Effects of casing eccentricity on cement’s failure factors: a shear failure b radial cracking c casing/cement debonding d cement/formation debonding

7 Conclusions

In this paper, we present a wellbore flow model to predict the temperature profile along the well depth during CO2 injection. An FE simulation is carried out to estimate the stress state in cement above the injection zone. To evaluate the cement integrity, we define failure factors for different failure modes including shear compressive failure, radial cracking and interfacial debonding.

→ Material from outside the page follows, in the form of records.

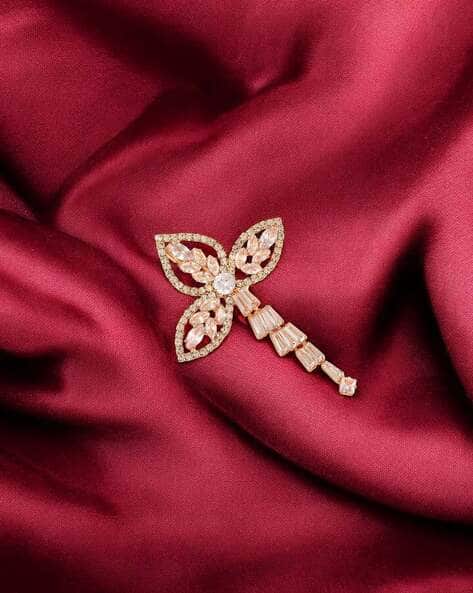 MAHI Floral-Shaped Stone-Studded Brooch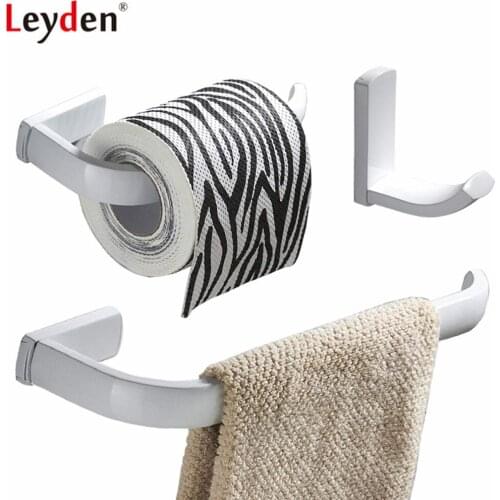 Leyden 3pcs Bathroom Accessories Set White Brass Wall Mounted Towel Ring Holder Toilet Paper Holder Clothes Towel Hook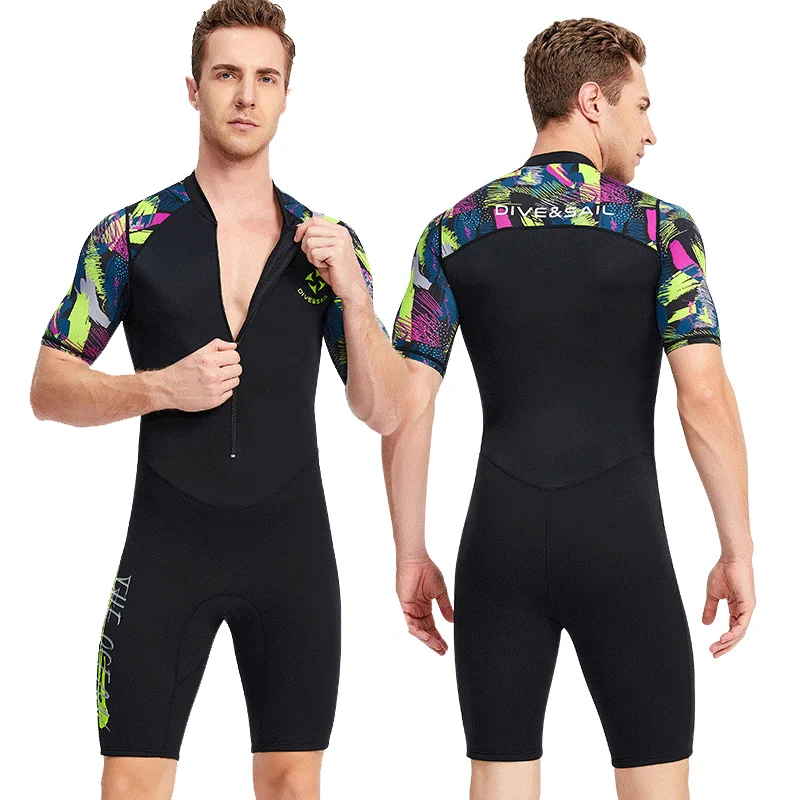 

New Men Wetsuit Neoprene 1.5MM One-Piece Swimsuits Front Zip Sun Protection Quick Dry Surfing Rash Guards Snorkeling Diving Suit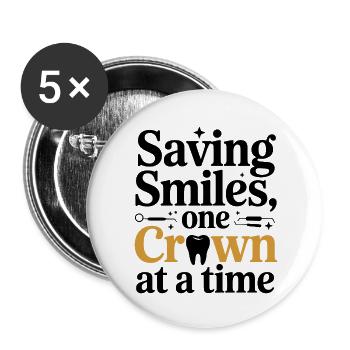 Technicien de laboratoire dentaire Crown Maker Design - Lot de 5 petits badges (25 mm) - blanc - Devant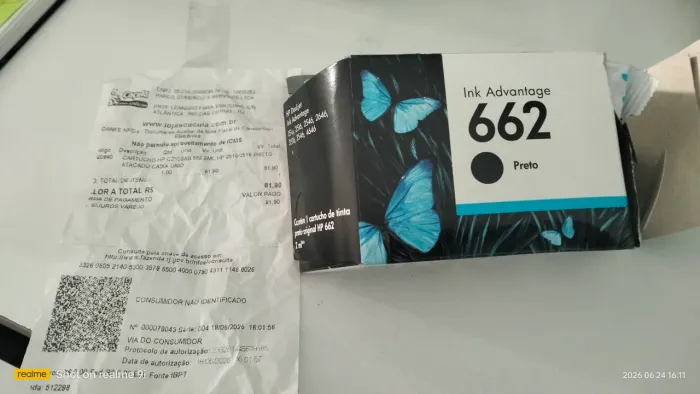 Cartucho Hp 662 preto 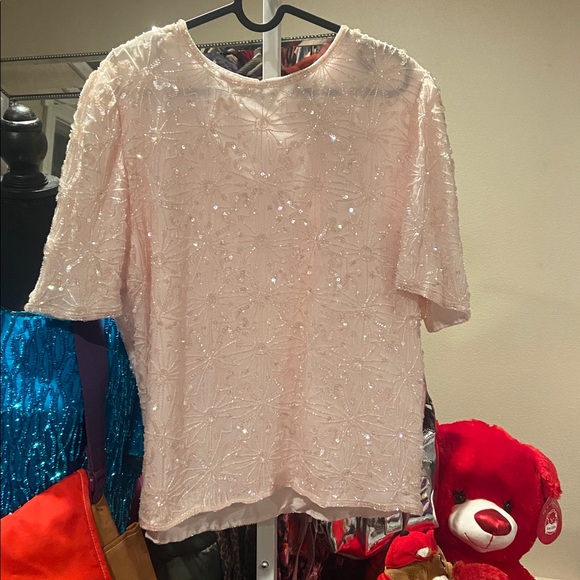 Laurence Kazar Tops - Vintage Laurence Kazar Light Pink silk Sequin Blouse Sz.PXL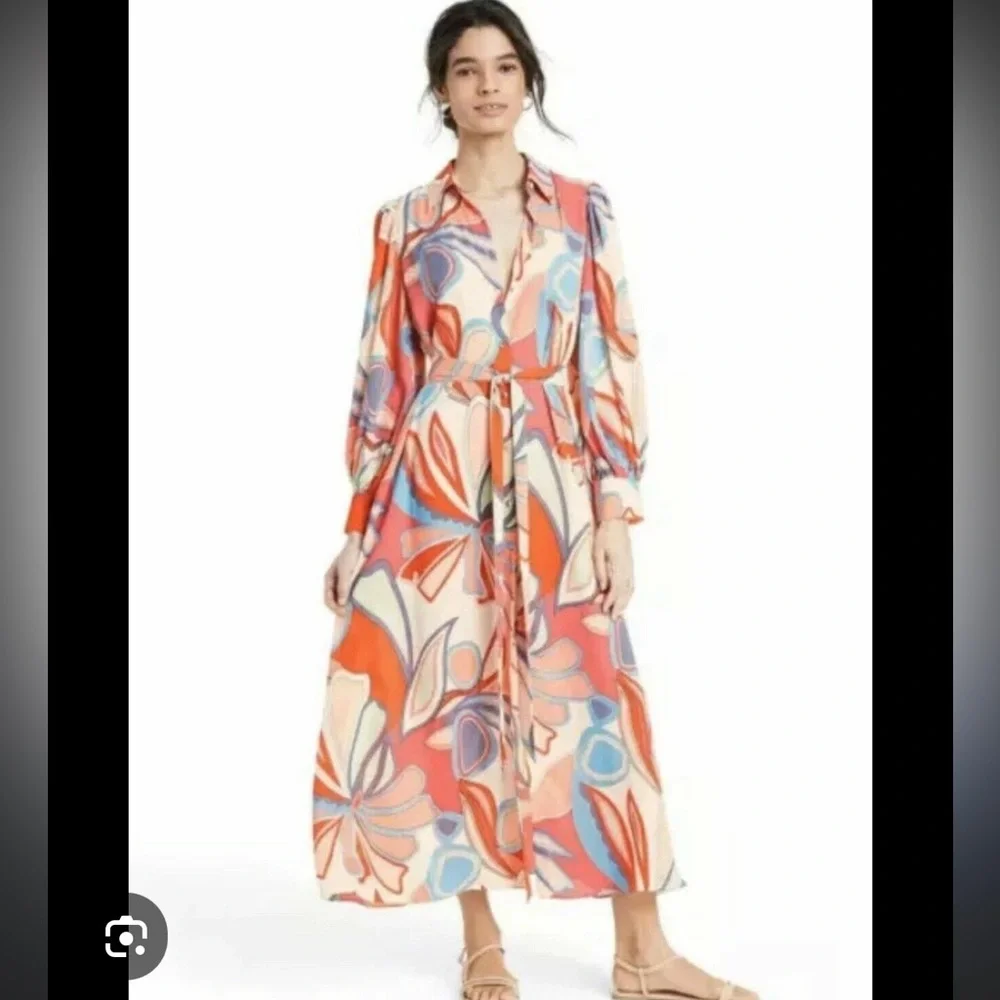 Alexis Target NWT Mixed Floral‎ Long Sleeve Maxi Dress XXS 70s Psychedelic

Then we present effects of the injection temperature, injection rate and casing eccentricity on the defined failure factors. The relevant results show that the temperature difference between the casing inside and formation is higher at deeper positions. Lower injection temperatures and faster injection rates would induce a larger temperature difference. For CO2 injection wells, radial cracking and cement/formation debonding are the potential failure modes during operation. The shear failure factor will increase with the injection temperature and decrease with the injection rate. The other failure factors would rise at a lower injection temperature and a faster injection rate. Severe casing eccentricities would enlarge failure factors in a large extent and the cement/formation debonding is the most dangerous failure mode due to a poor cementing job.